Experts have pointed to the extinction of the human race. Experts say that the distance from their natural habitat and environment, less genetic variation and the reduction in the ability to produce children will destroy the human race. When the habitat is so degraded that there are few resources for movement, when the ability to produce offspring is reduced, when the birth rate falls below the death rate, and when genetic resources are limited, the only way is decline. There is extinction.
According to the American scientific journal "Scientific American", Paul Ehrlich, a biologist from Stanford University, USA, published a book called "The Population Bomb" in 1968. More. Half a century later, the nuclear threat has lost its importance. As for overpopulation, twice as many people live on the planet now in comfort and prosperity as in 1968. The population is still growing. , but the rate of increase has halved since 1968. Current population predictions vary, but the general consensus is that it will peak in mid-century and then decline rapidly. Global population size in 2100 may be even lower. In most countries the birth rate is now well below the death rate.
In some countries, the population will soon be half of the current rate. People are now worried about the low population. Mammal species come and go rapidly, flourishing and dying out over millions of years. Fossil records indicate that humans have been around for about 350,000 years or more, but for most of that time the species was rare, so rare that it went extinct more than once. approached, and thus threatened the extinction of the human race. The present population has grown rapidly from a very small object. The result is that, as a species, humans are remarkably homogenous. Few groups of wild chimpanzees have more genetic variation than the entire human population.
A lack of genetic variation is never good for the survival of a species. Furthermore, decades of decline in human fertility have reduced birth rates due to pollution, stress, and anxiety. For most of human evolution, people lived in isolated groups in open spaces. The habit of living in cities, practically on top of each other i.e. in apartments or blocks, is a recent habit. Another reason for population decline is economic. Politicians are constantly striving for economic growth, but this is not sustainable in a world where resources are limited. Humans already occupy 25 to 40 percent of primary productivity. Human economic development efforts can have detrimental effects on millions of other species on the planet.

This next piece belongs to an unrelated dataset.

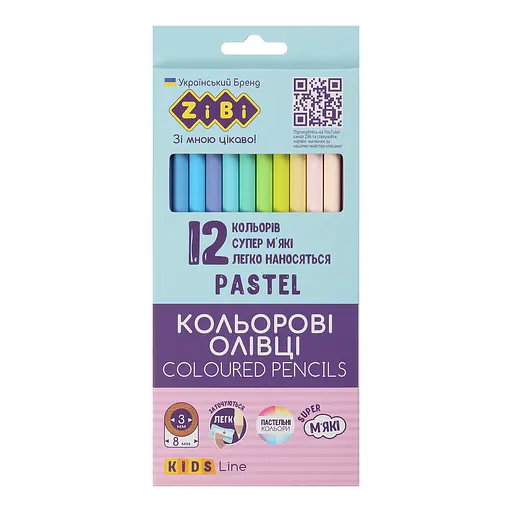 Карандаши цветные 12 цветов PASTEL, KIDS LINE ZB.2470 ZiBi (4823078969774) - фото 1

People today have to work harder to maintain a standard of living than their ancestors did, and the fact is that economic productivity has stagnated or declined globally over the past 20 years. It may be that people are ceasing to have children, or that their ability to have children has declined. Another factor in the shrinking population is women's economic, reproductive, and political independence. With health care, women are reluctant to have more children but to have fewer children is to shrink the population.
The most dangerous threat to mankind is something called 'extinction debt', that is, there comes a time in the development of any species, even if it is spreading, when extinction will become inevitable. No matter what he does to stop it. The cause of extinction is usually a delayed reaction to the loss of the rumen.